One of the broadest measures of economic activity in the US is CFNAI, published by the Chicago Fed. The three-month moving average (CFNAI-MA3) is a broad measure of growth (or contraction) impulses moving through the economy.
Now here I made you some pretty pictures; this data is through September.
Click on this to get a larger image.
Zone A (-0.25 to -0.50) is an adjustment range. Growth can fiddle around here for some time and go either way.
However, if we drop into Zone B (-1.00 to -.75), things get very serious very quickly.
In general, when the economy has been humming along and growth falls into Zone A stimulus measures may be considered depending on other factors. But it is never a time to significantly raise taxes - doing so would often precipitate a correction.
This is exactly the same graph as above rotated to give you a different perspective. The first view conveys the shocking cliff-diving routine we've been through; this view shows you a bit more of what has been happening in the last five months.
By September CFNAI had been going down for three months and had fallen back into Zone B; the latest October releases strongly suggest that it will keep going down. The latest three months of CFNAI (July, August, September) are currently listed as -0.42, -0.65, -0.81. So it now appears that in October we are probably in Zone B; history suggests that over the next four months sorrowful things will happen as growth impulses fade and contraction takes hold once more.
And any talk about good retail sales is missing a very obvious point - the inflation adjustment. Sales tax receipts are a very important component of state revenues; real sales tax receipts have to rise at least at the rate that the population is rising over time, or per capita expenditure needs will not be met. Just from looking at today's CPI release one can tell that real retail sales are still oscillating around the low point (this graph of the real retail sales figures from St. Louis Fred contains data only through September, but October won't rise that much):
Now if you guys will stare thoughtfully at this thing for a bit, you will notice that real retail sales have returned to the 2002-2003 level after the last recession. The reason they have done this is that a bulk of consumers are largely coping with reduced per capita incomes (see this prior post about household incomes over the past decade), and are no longer able to fool themselves into borrowing to spend.
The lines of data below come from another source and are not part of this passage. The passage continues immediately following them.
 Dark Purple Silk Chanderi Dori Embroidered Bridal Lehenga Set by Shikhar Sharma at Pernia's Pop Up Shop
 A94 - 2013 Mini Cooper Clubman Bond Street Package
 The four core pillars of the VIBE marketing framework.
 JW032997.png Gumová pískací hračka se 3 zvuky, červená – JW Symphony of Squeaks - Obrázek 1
You will also notice that the 2001 recession really began in 2000, and did not really end until 2003. The growth reported was obtained through a monetary easing which created growth, but we really do not have the same options right now due to the prior explosion in debt.
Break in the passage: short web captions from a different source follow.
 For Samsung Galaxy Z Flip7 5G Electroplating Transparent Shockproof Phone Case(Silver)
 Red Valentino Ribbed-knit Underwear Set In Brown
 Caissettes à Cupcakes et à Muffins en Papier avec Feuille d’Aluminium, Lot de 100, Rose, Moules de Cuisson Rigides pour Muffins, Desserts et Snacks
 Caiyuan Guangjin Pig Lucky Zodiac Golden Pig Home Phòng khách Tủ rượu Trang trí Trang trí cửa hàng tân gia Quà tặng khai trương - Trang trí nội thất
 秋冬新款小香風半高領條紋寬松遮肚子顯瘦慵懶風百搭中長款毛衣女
There are two things that will work to provide economic growth. The first would be a government program that would help people write off debt. The Joy-Boots plan is as good as any other. However, it is clear that Congress isn't interested in that. The second is needed infrastructure spending. Just fix the roads and bridges, and you'll send a sharp boost through the economy and generate a ton of jobs.
But the bottom line is that monetary policy cannot accomplish much - we shot those bullets already. The target they could hit was was shot to pieces before the 2008 cliff exhibition. The economy is now being driven by changes in energy prices, not changes in credit. At this point, very low US rates have appear to already have produced a new slide into contraction; the dollar is being carry-traded and everyone's hedging with oil and other commodities. That is a monetary disaster which is going to hurt far more than the US economy. Yes, it's speculation. But internal US financial regulation cannot cure international speculation.
Over the long term, simply producing more energy internally will bolster our trade balance, support the dollar somewhat and ease pressures on other economies. But in order to produce energy internally, it must be cost-effective energy. Spending on conservation will achieve far more that spending on high-cost energy sources such as marginal wind (wind can work in some areas, for a few percentage points) and high-cost solar. Solar also is cost-effective in some applications.
But the US can never fuel a return to growth with current green energy. The reason our stimulus package is not working is that it was badly designed. We keep throwing more and more money into futile projects such as trying to prevent foreclosures for people who don't have jobs, funding home purchases for people at 50% DTIs, building energy production that no one can afford to consume, and giving income tax proceeds from the boom years back to companies (financials and home builders) that profited from the boom.
We can begin the process of stopping the pain whenever we want to get serious. We haven't gotten serious yet. Unfortunately, the next few months are going to prove my point.
We got about what we are going to get from the inventory restocking; that pulse will start to drain by January, and we'll be left with the same old, same old:
The worst of it is that September freight showed indications of trouble. BTS Transportation Index:
To the Anon commenter on the last post who asked about velocity.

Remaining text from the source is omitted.